TASK REQUIREMENTS:
Below are some records. Output the lines from the first one through the line that holds "Whooping Crane |", exactly as written, with no pictures.

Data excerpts

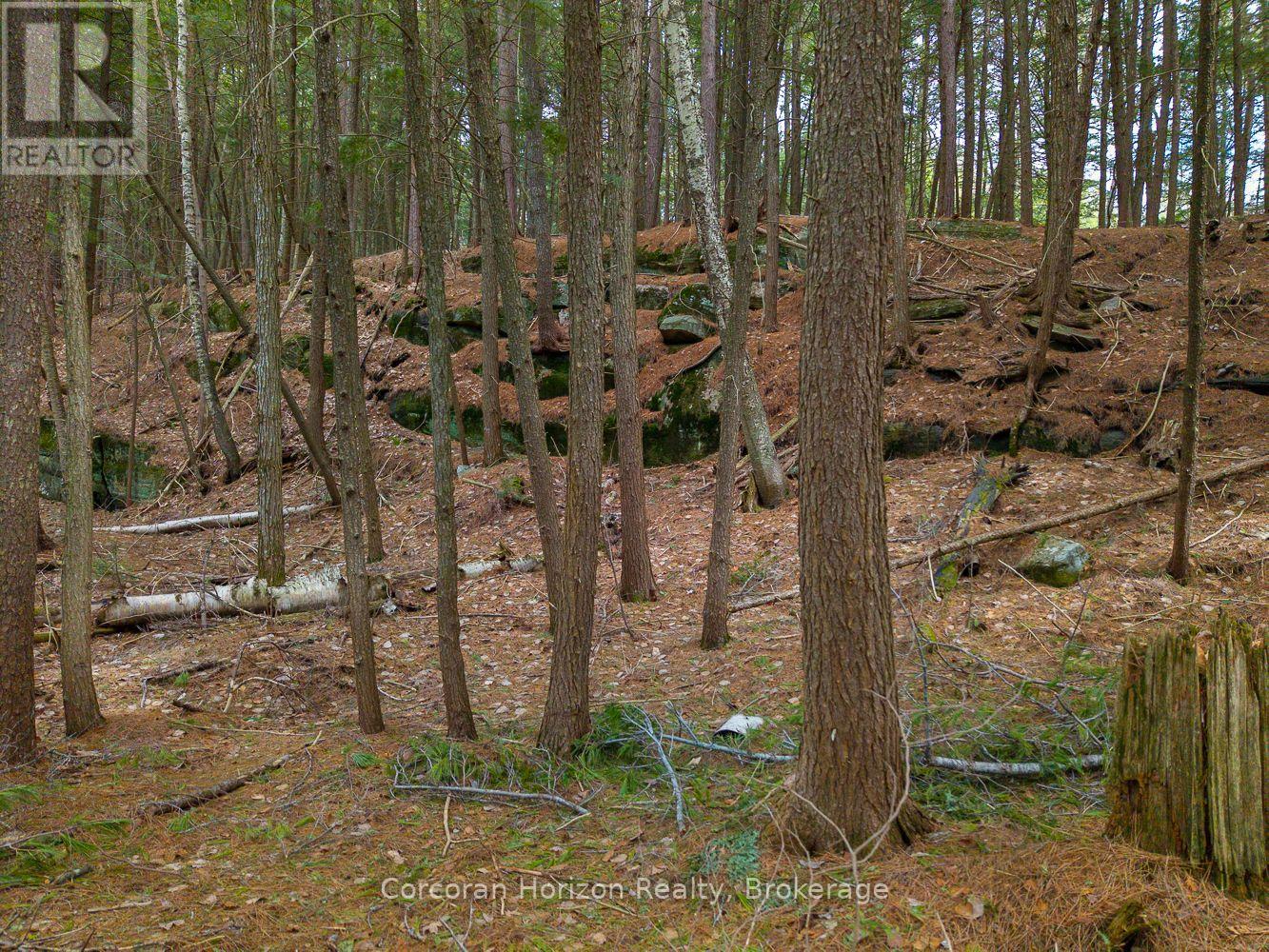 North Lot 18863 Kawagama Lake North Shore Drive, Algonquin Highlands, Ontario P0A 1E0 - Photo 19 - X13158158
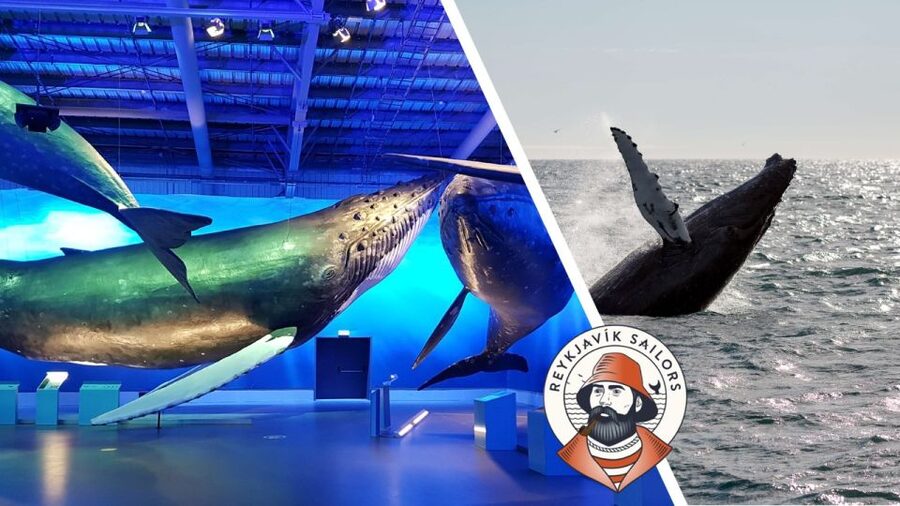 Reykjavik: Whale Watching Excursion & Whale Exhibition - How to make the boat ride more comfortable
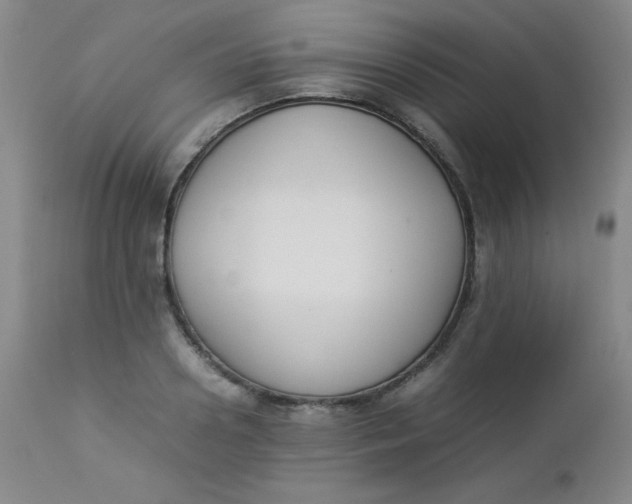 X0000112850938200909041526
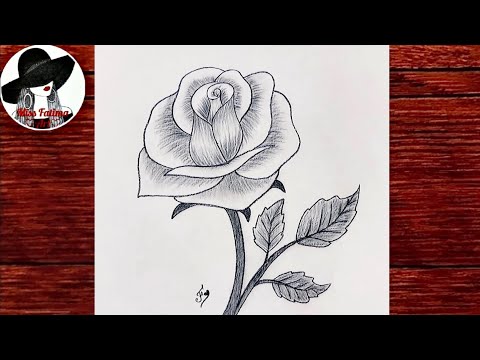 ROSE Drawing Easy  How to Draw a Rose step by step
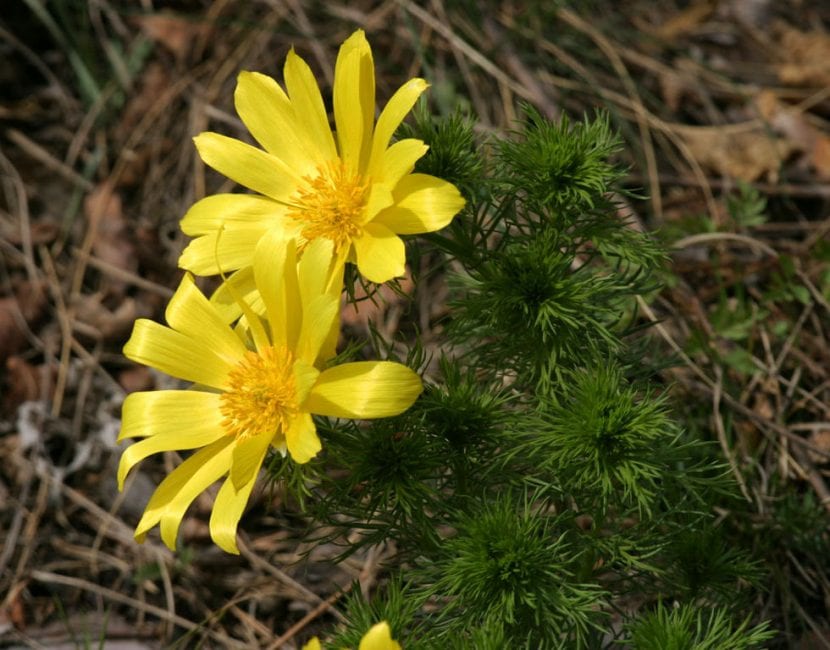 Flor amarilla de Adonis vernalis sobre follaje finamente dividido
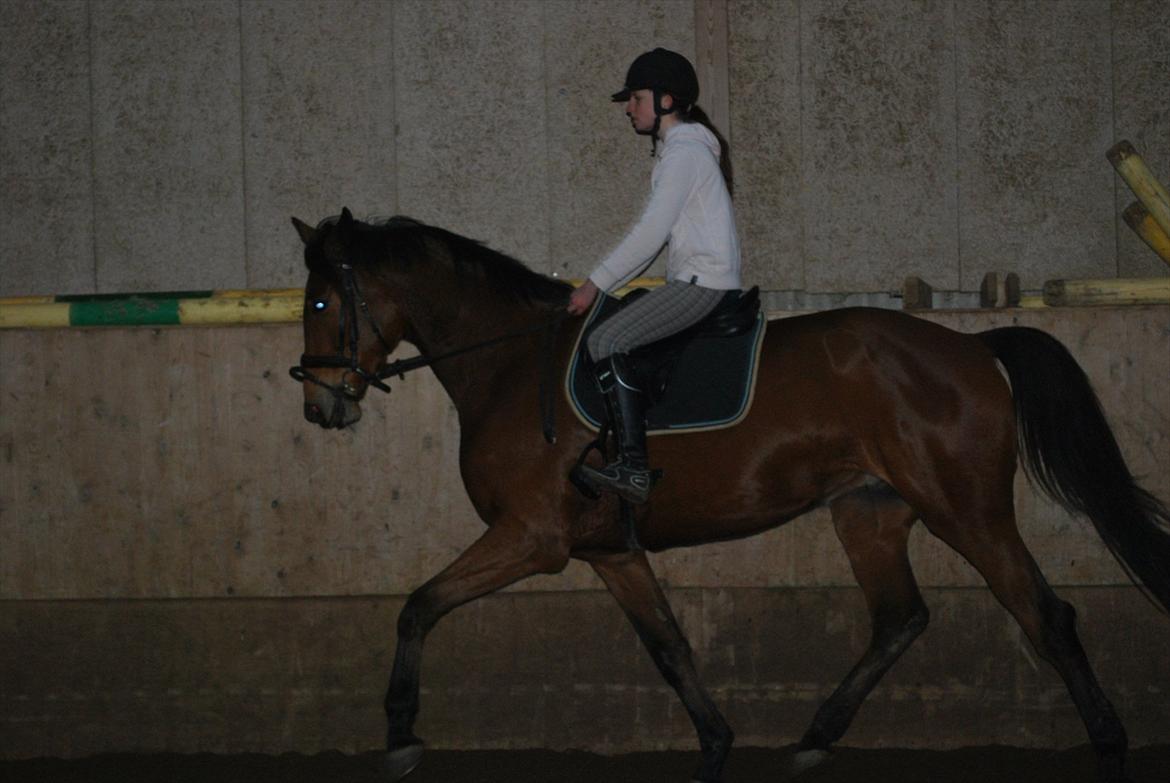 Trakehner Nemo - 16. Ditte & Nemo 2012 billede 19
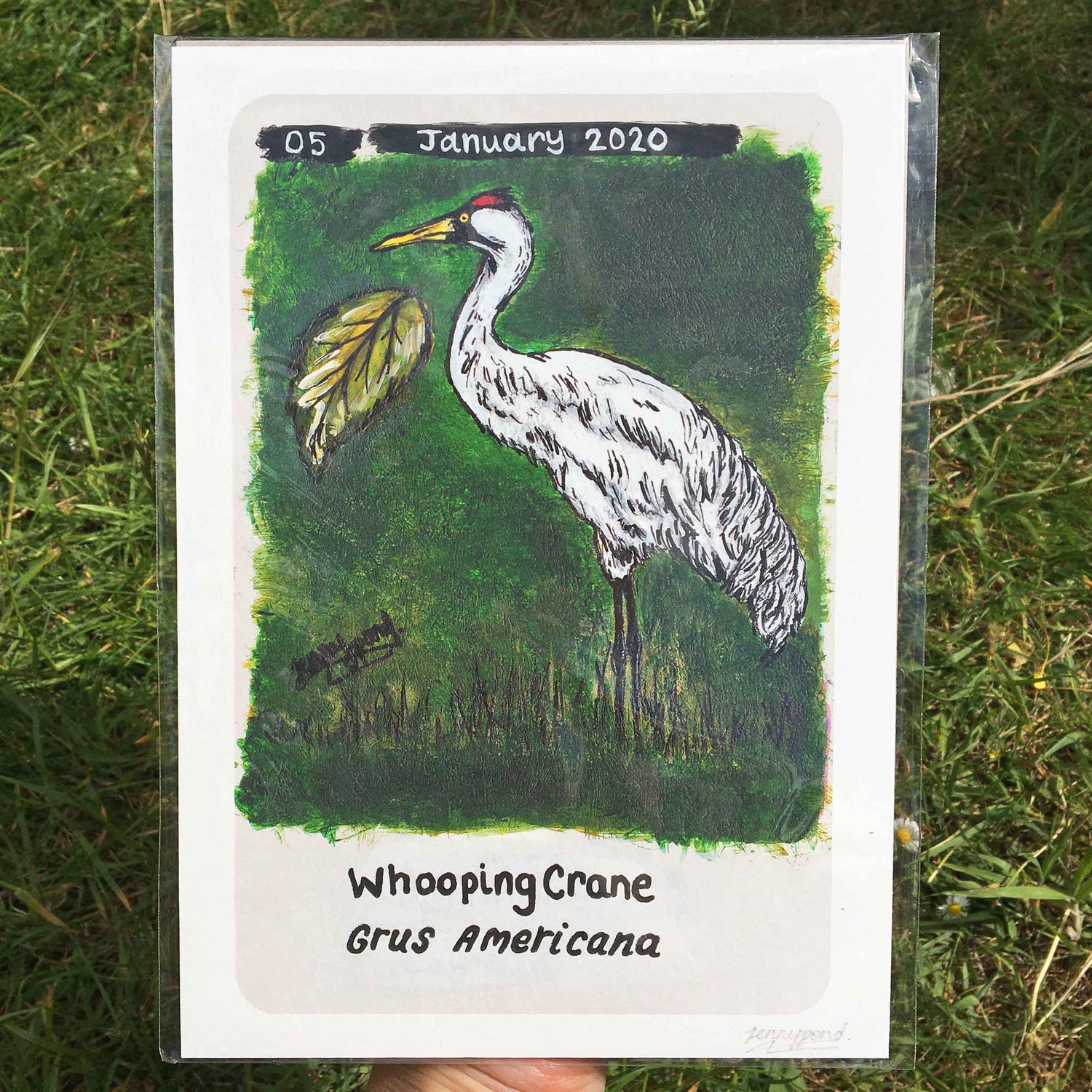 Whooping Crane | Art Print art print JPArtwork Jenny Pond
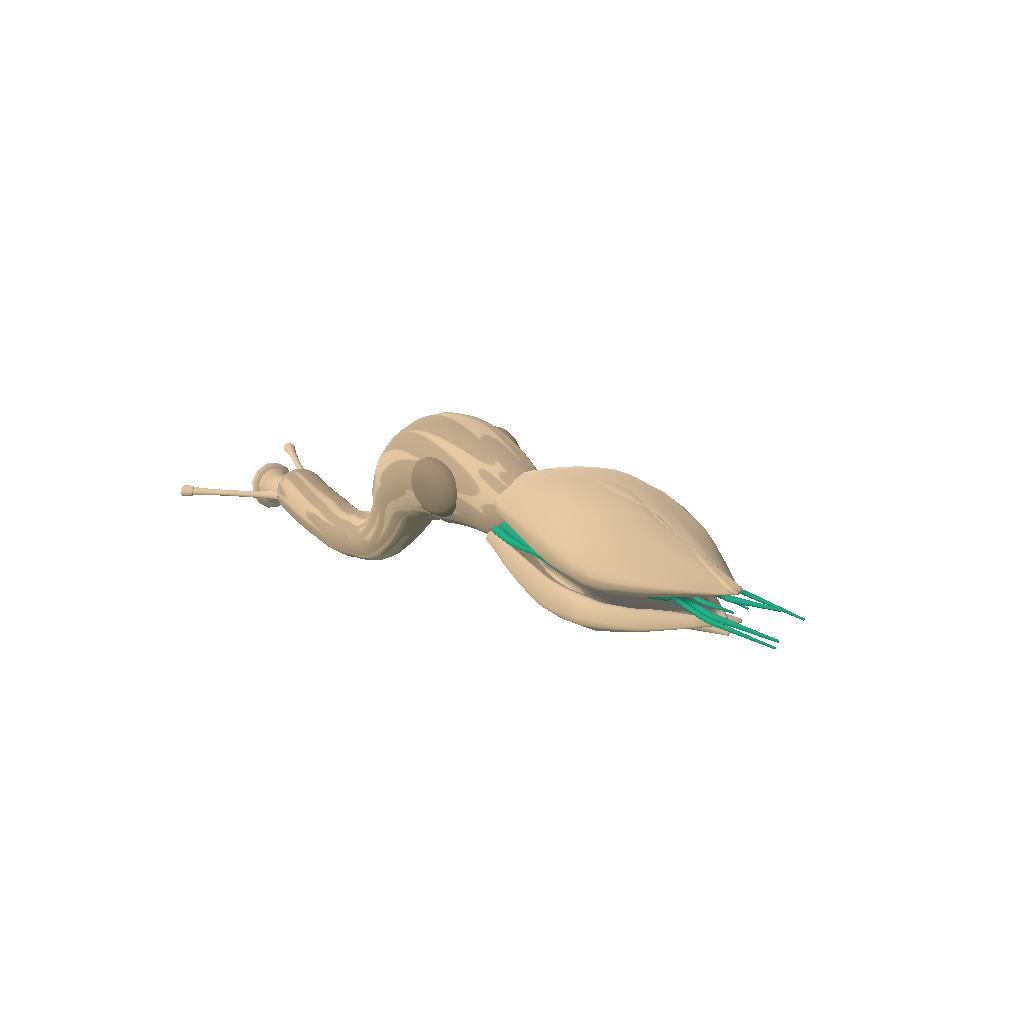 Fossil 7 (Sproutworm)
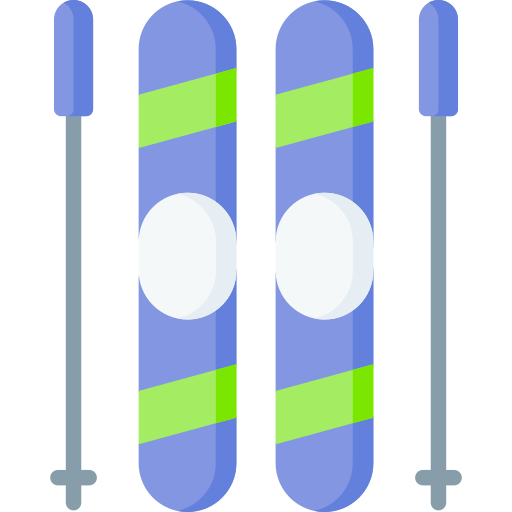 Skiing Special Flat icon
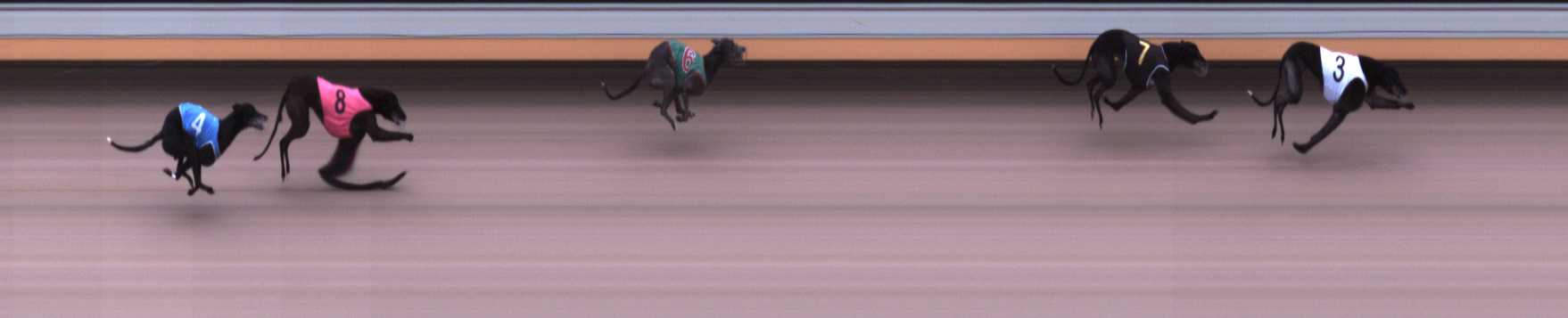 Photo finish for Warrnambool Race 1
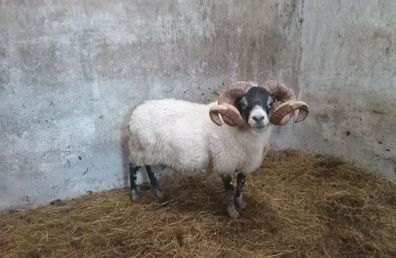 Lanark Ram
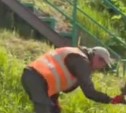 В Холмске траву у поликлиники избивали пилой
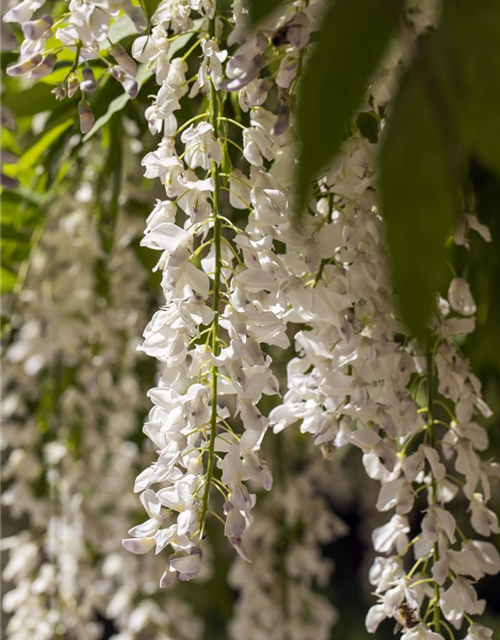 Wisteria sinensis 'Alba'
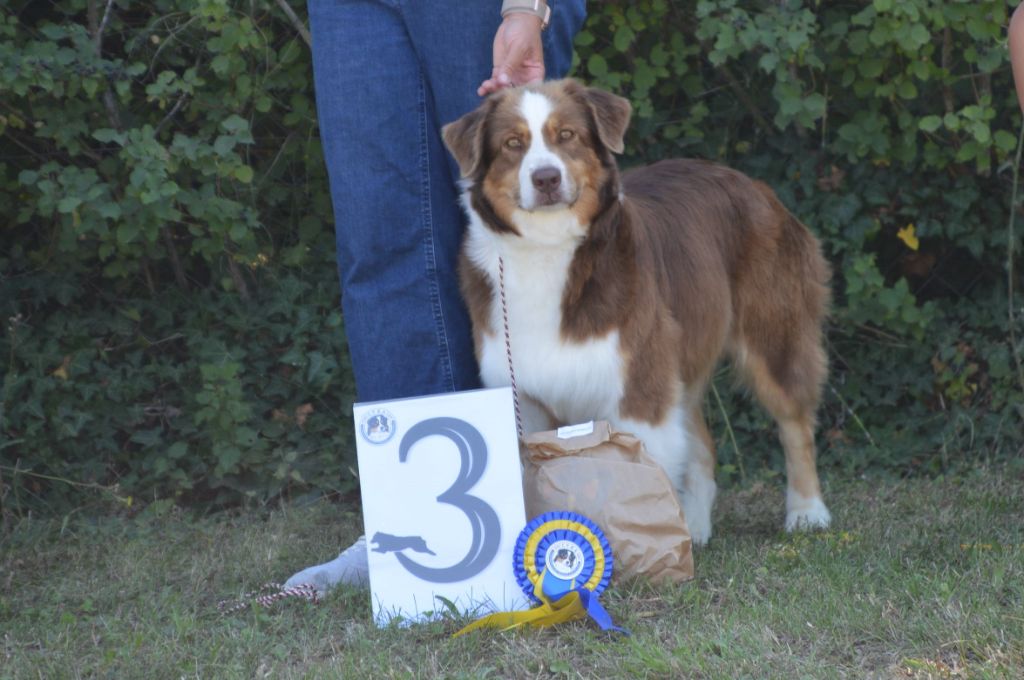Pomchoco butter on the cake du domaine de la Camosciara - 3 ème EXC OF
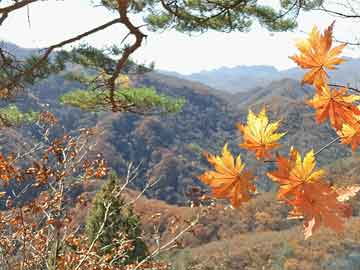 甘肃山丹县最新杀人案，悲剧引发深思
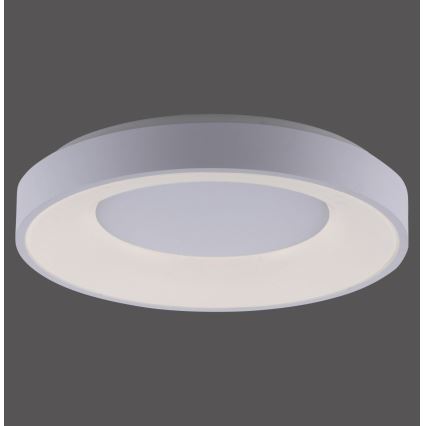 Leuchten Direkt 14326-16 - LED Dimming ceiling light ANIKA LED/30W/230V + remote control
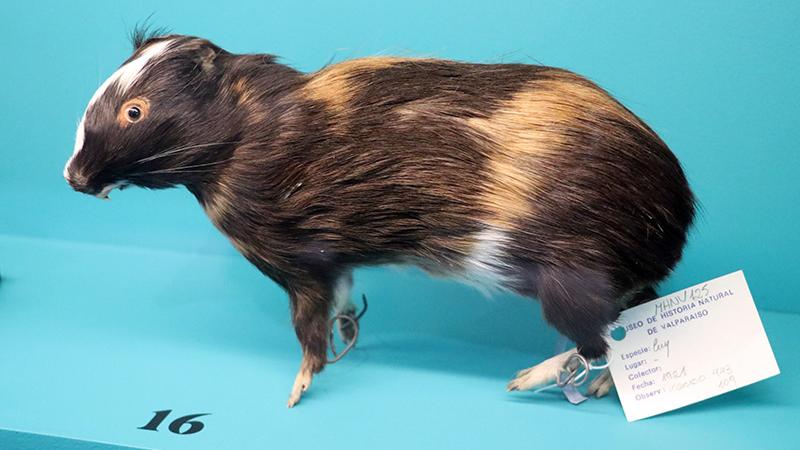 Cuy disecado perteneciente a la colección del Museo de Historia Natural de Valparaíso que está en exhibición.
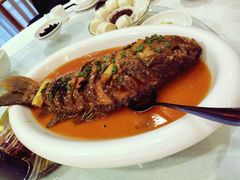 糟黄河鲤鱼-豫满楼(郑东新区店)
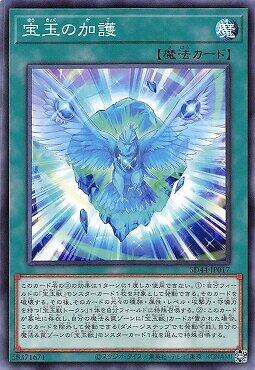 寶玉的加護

OUTPUT:
 North Lot 18863 Kawagama Lake North Shore Drive, Algonquin Highlands, Ontario P0A 1E0 - Photo 19 - X13158158
 Reykjavik: Whale Watching Excursion & Whale Exhibition - How to make the boat ride more comfortable
 X0000112850938200909041526
 ROSE Drawing Easy  How to Draw a Rose step by step
 Flor amarilla de Adonis vernalis sobre follaje finamente dividido
 Trakehner Nemo - 16. Ditte & Nemo 2012 billede 19
 Whooping Crane | Art Print art print JPArtwork Jenny Pond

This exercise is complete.